-- Supplied data follows --

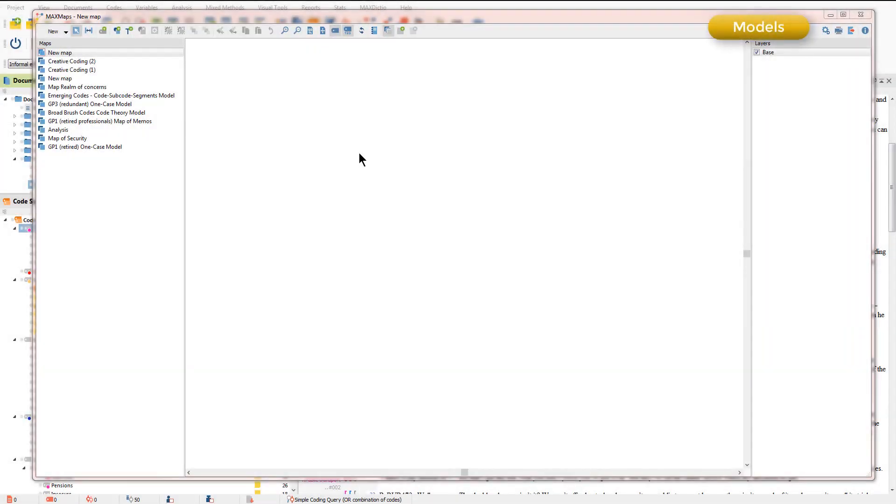Models are a special type of map that are created automatically based on the associations between components that have been previously created.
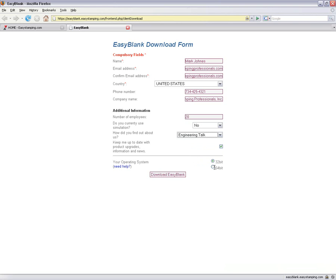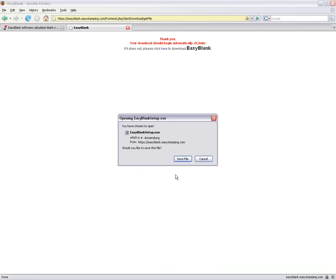Choose your operating system and press the Download EasyBlank button. Confirm and save the EasyBlank setup file to your computer.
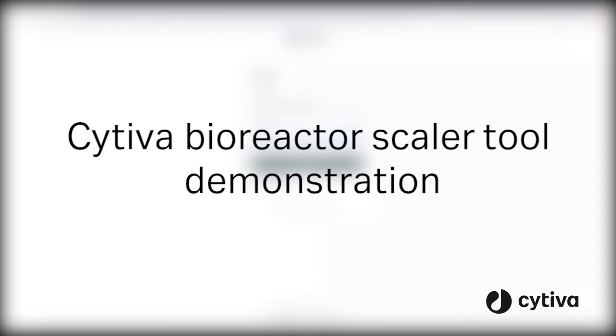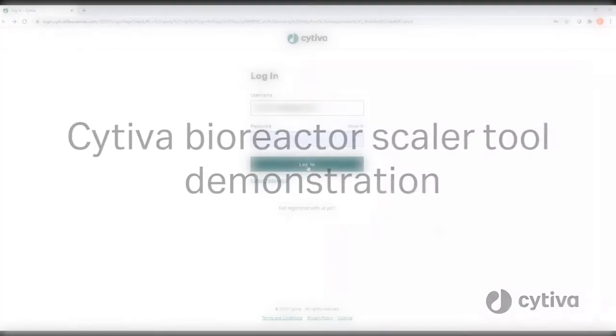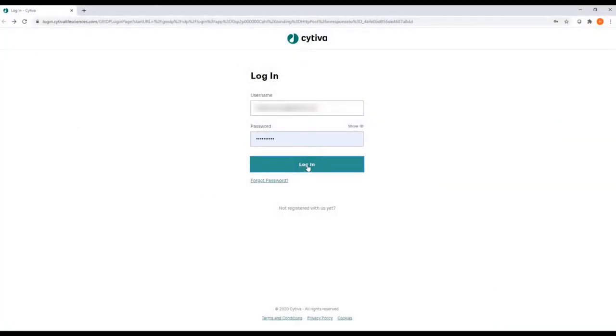Welcome to a short demonstration of the SATIVA Bioreactor Scaler. The first step is to enter your user credentials in the login page.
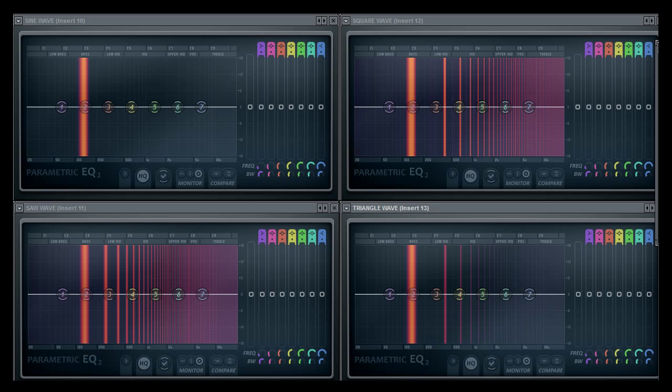The bottom right waveform is a triangle wave. Now this also, like the square wave, is made up of odd harmonics, however they reduce in volume much faster, meaning that fewer harmonics are audible, and it makes a much simpler sound.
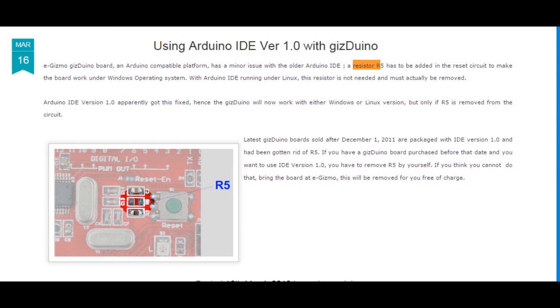Thank you, guys — one fix for this if you failed to fix your Arduino or Gizduino using the previous methods. I don't claim responsibility for what you're going to do to your board. That's all.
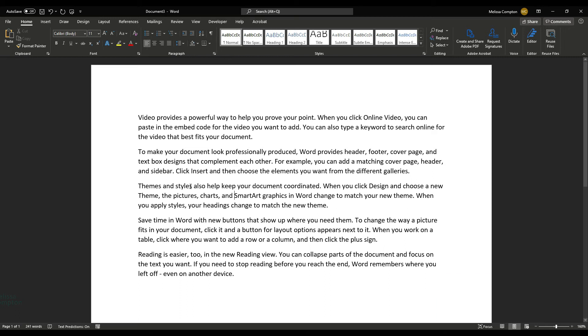Hey everybody, this is Melissa. Welcome back to my channel. So today I'm in Word and I'm going to show you how to use the Smart Lookup and Search function.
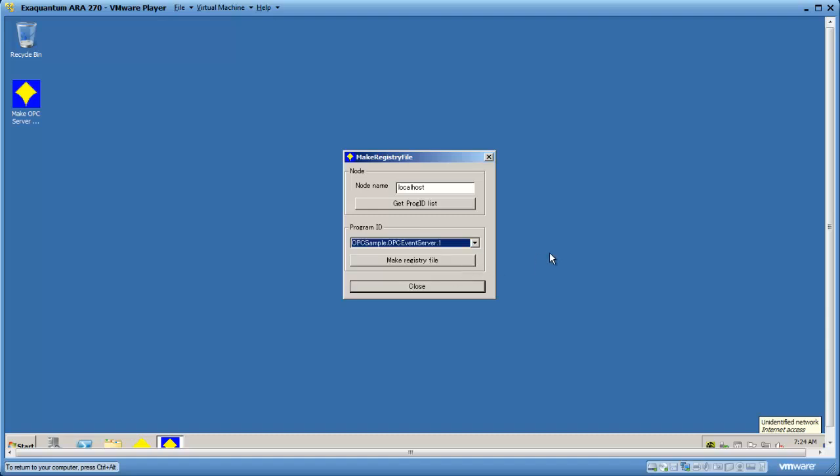And then click the make registry file. And you'll see that a file is generated on your desktop.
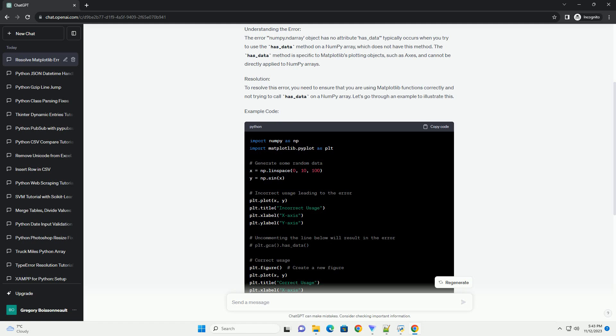Understanding the error. The error numpy.ndarray object has no attribute has_data typically occurs when you try to use the has_data method on a numpy array, which does not have this method. The has_data method is specific to matplotlib's plotting objects, such as axes, and cannot be directly applied to numpy arrays.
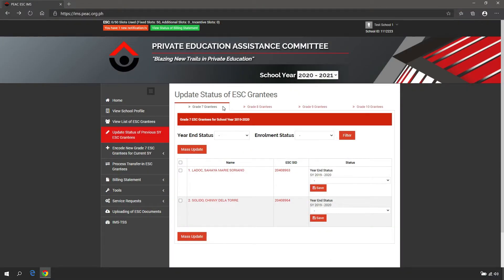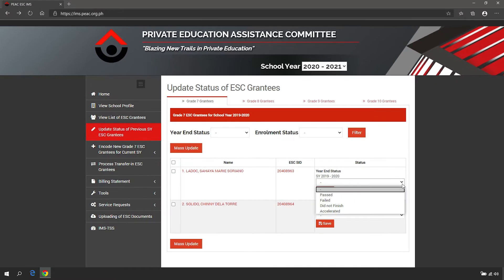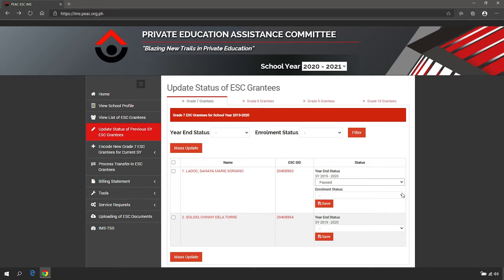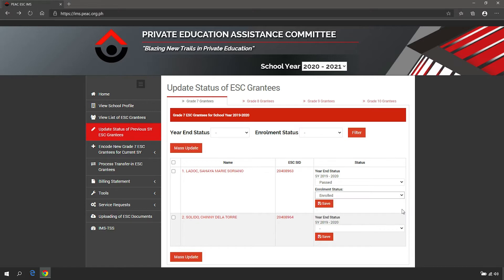To update the status of each education service contracting grantee, select the name of the grantee from the drop-down list. Select the year and status, then select the enrollment status. Click Save to apply the changes.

-- Supplied data concluded --

### Exercise prompt
Starting at the line that contains "The bottom right", reproduce every line through the last one in the records exactly, and omit all pictures.

### Response box
The bottom right waveform is a triangle wave. Now this also, like the square wave, is made up of odd harmonics, however they reduce in volume much faster, meaning that fewer harmonics are audible, and it makes a much simpler sound.
Thank you, guys — one fix for this if you failed to fix your Arduino or Gizduino using the previous methods. I don't claim responsibility for what you're going to do to your board. That's all.
Hey everybody, this is Melissa. Welcome back to my channel. So today I'm in Word and I'm going to show you how to use the Smart Lookup and Search function.
And then click the make registry file. And you'll see that a file is generated on your desktop.
Understanding the error. The error numpy.ndarray object has no attribute has_data typically occurs when you try to use the has_data method on a numpy array, which does not have this method. The has_data method is specific to matplotlib's plotting objects, such as axes, and cannot be directly applied to numpy arrays.
To update the status of each education service contracting grantee, select the name of the grantee from the drop-down list. Select the year and status, then select the enrollment status. Click Save to apply the changes.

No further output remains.